On reflection, I will say who the figures were that left a lasting impression. Participating colleagues are unlikely to read these lines, and if they do they will understand, I’m sure, that any omission is the result of specific affinities on this occasion, and not a sign of failure to appreciate their contributions, all of which were valuable.
Graciela Paraskevaídis was impressive for her piece nada, a very potent statement built on next to nothing in the way of material. She kept a low profile in the conference and I missed her own paper, but in conversation between events she showed a lucid mind and a wide-ranging knowledge and understanding of new music.
Paraskevaídis’s performer for nada, Beatriz Elena Martínez, shone for her committed rendition, full of nuance, physicality and depth of expression.
The whole Ensamble CG were a lesson in dedication to innovation and high standards of performance; in the words of Paraskevaídis, they are “a luxury for Latin America”.
The Costa Rican composer Alejandro Cardona was striking in his Historias mínimas, as described in the previous post, and he was a warm and companionable colleague to have around.
The percussionist Gustavo De Jesús Olivar Sánchez impressed me for his indefatigable energy, his love of new music and his generosity in acting as an unappointed co-ordinator with the visiting composers and performers, walking us on the safer routes and providing a wealth of advice. He showed panache as a soloist in Ricardo Teruel’s Concertino on 28 May, and cast-iron reliability in the final concert.

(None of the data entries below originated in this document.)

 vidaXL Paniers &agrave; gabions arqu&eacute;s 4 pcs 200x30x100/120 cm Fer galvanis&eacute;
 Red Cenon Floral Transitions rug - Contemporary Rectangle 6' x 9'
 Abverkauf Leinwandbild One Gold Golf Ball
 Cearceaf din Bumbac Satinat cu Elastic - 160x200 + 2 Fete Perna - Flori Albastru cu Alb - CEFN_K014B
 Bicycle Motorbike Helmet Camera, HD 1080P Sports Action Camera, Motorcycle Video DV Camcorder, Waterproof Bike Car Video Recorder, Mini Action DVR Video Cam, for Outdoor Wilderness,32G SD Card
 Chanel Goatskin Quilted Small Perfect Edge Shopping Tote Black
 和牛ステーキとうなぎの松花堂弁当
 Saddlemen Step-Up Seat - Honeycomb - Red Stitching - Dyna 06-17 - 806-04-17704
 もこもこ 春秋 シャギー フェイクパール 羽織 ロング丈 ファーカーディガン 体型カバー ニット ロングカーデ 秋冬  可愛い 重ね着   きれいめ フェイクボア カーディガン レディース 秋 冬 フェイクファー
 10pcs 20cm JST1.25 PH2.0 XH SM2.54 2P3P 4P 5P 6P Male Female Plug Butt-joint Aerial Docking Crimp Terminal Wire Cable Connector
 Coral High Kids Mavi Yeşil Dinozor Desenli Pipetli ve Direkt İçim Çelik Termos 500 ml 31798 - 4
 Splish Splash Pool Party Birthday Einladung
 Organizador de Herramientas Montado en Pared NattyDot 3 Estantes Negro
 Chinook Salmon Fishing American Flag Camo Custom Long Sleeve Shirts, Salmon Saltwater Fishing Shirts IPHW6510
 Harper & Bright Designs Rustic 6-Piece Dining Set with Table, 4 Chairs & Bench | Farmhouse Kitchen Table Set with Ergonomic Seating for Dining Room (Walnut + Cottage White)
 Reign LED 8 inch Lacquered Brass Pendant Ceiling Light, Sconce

This concert, by the soloists of the Contemporary Vocal Ensemble from Indiana University directed by Carmen Téllez provided a splendid close, especially the work by David Dzubay and the voice of Sharon Harms.
Alfredo Rugeles and Diana Arismendi worked selflessly and effectively to put on an event that has the potential to be, and in some respects already is, the main forum for new music in Latin America.
Rugeles and Arismendi’s aspiration to instigate developments not only for the benefit of Venezuela but with a pan-Latin American reach – the project of a Latin American Academy of Composition, for example – should be celebrated and encouraged. They are in line with a vision and a spirit of leadership Venezuelans have excelled at for centuries, from Simón Bolívar onwards. Now that the scope of the activities at Cuba’s Casa de las Américas has dwindled – or so it seems to me – these initiatives are precious and unique. They deserve the support of all of us with a stake in Latin American music.